The ballistocardiogram (BCG), a cardiac vibration signal, has been widely investigated for continuous monitoring of heart rate (HR). Among BCG sensing modalities, a hospital bed with multi-channel load-cells could provide robust HR estimation in hospital setups. In this work, we present a novel array processing technique to improve the existing HR estimation algorithm by optimizing the fusion of information from multiple channels. The array processing includes a Gaussian curve to weight the joint probability according to the reference value obtained from the previous inter-beat-interval (IBI) estimations. Additionally, the probability density functions were selected and combined according to their reliability measured by q-values. We demonstrate that this array processing significantly reduces the HR estimation error compared to state-of-the-art multi-channel heartbeat detection algorithms in the existing literature. In the best case, the average mean absolute error (MAE) of 1.76 bpm in the supine position was achieved compared to 2.68 bpm and 1.91 bpm for two state-of-the-art methods from the existing literature. Moreover, the lowest error was found in the supine posture (1.76 bpm) and the highest in the lateral posture (3.03 bpm), thus elucidating the postural effects on HR estimation. The IBI estimation capability was also evaluated, with a MAE of 16.66 ms and confidence interval (95%) of 38.98 ms. The results demonstrate that improved HR estimation can be obtained for a bed-based BCG system with the multi-channel data acquisition and processing approach described in this work.
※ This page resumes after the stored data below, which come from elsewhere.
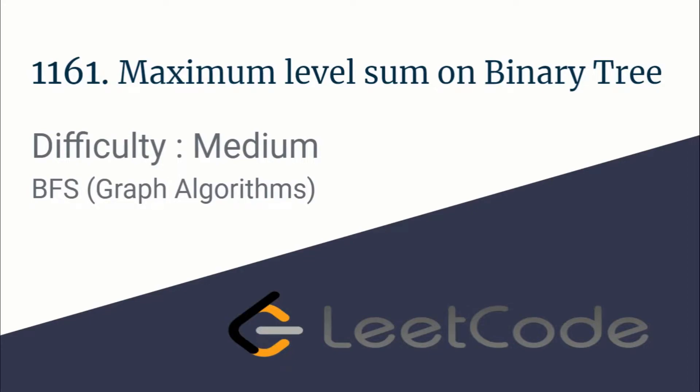Hello guys, this is CodeInCode and this is a video editorial for the problem Maximum Level Sum on Binary Tree taken from LeetCode. We'll be solving this problem using BFS.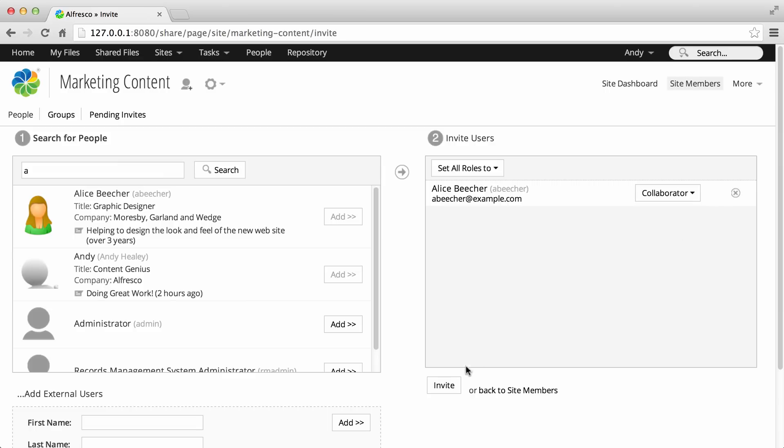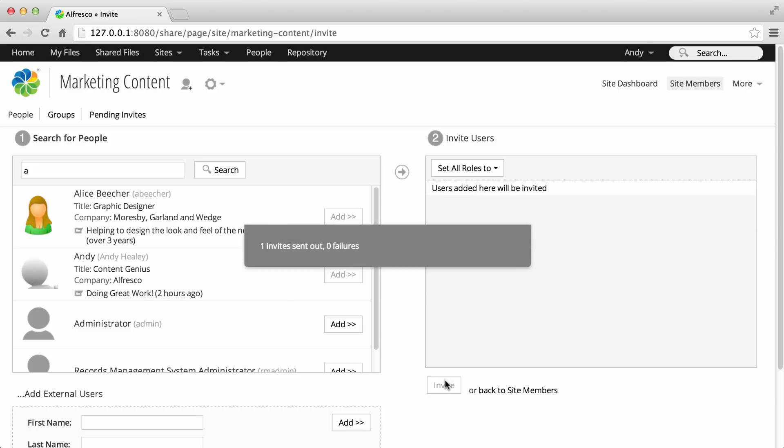Then click invite. An email invitation is sent to each person that you invited. And once they've accepted this invitation, they'll be able to start sharing content on your site.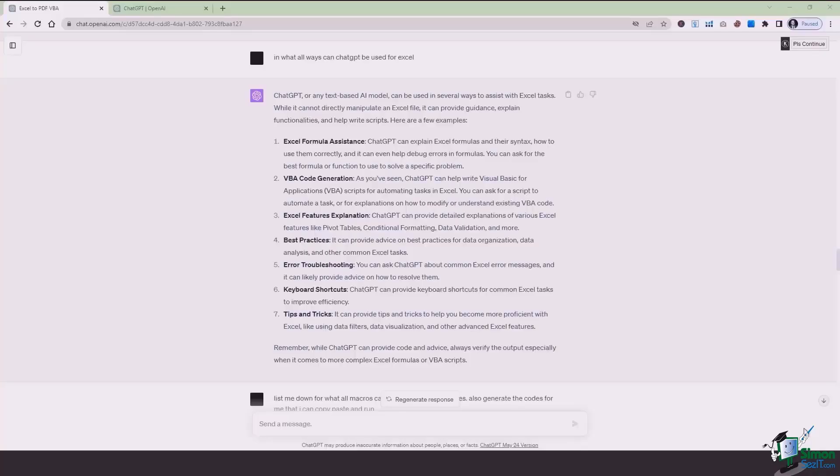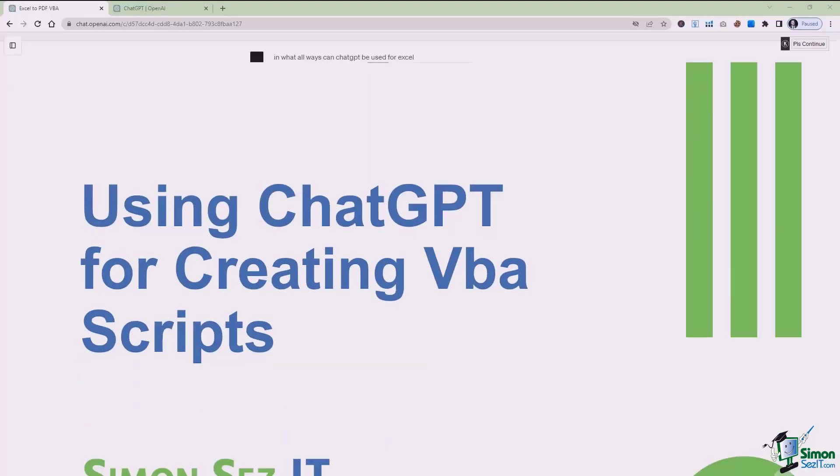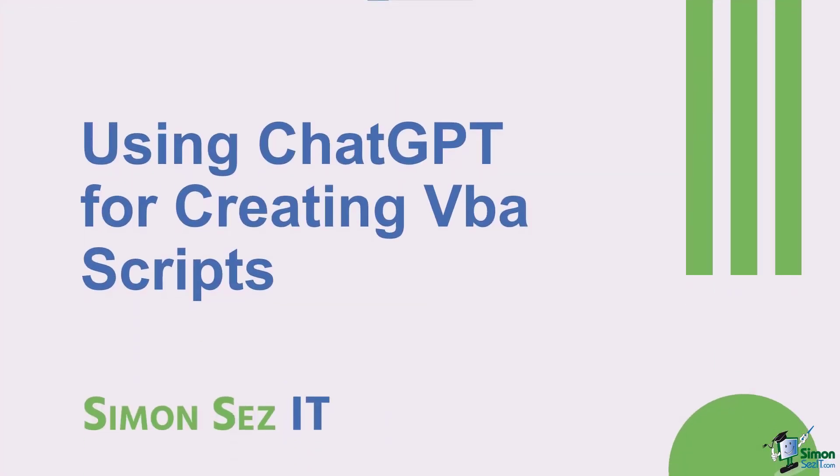Hi there everyone and welcome back to another lesson. In this video we'll be learning how we can use ChatGPT for Excel.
心冲击图(BCG)是一种心脏振动信号,已被广泛研究用于连续监测心率(HR)。在 BCG 传感方式中,带有多通道称重传感器的病床可以在医院环境中提供稳健的 HR 估计。在这项工作中,我们提出了一种新颖的阵列处理技术,通过优化来自多个通道的信息融合来改进现有的 HR 估计算法。该阵列处理包括一个高斯曲线,根据前一个心动间隔(IBI)估计中获得的参考值来加权联合概率。此外,根据 q 值测量的可靠性选择和组合了概率密度函数。我们证明,与现有文献中的多通道心跳检测算法相比,该阵列处理技术显著降低了 HR 估计误差。在仰卧位的最佳情况下,与现有文献中的两种最先进方法相比,平均绝对误差(MAE)达到 1.76 bpm,分别为 2.68 bpm 和 1.91 bpm。此外,在仰卧位(1.76 bpm)发现的误差最低,在侧卧位(3.03 bpm)发现的误差最高,从而阐明了体位对 HR 估计的影响。还评估了 IBI 估计能力,平均绝对误差(MAE)为 16.66 ms,置信区间(95%)为 38.98 ms。结果表明,通过本文描述的多通道数据采集和处理方法,可以为基于病床的 BCG 系统获得改进的 HR 估计。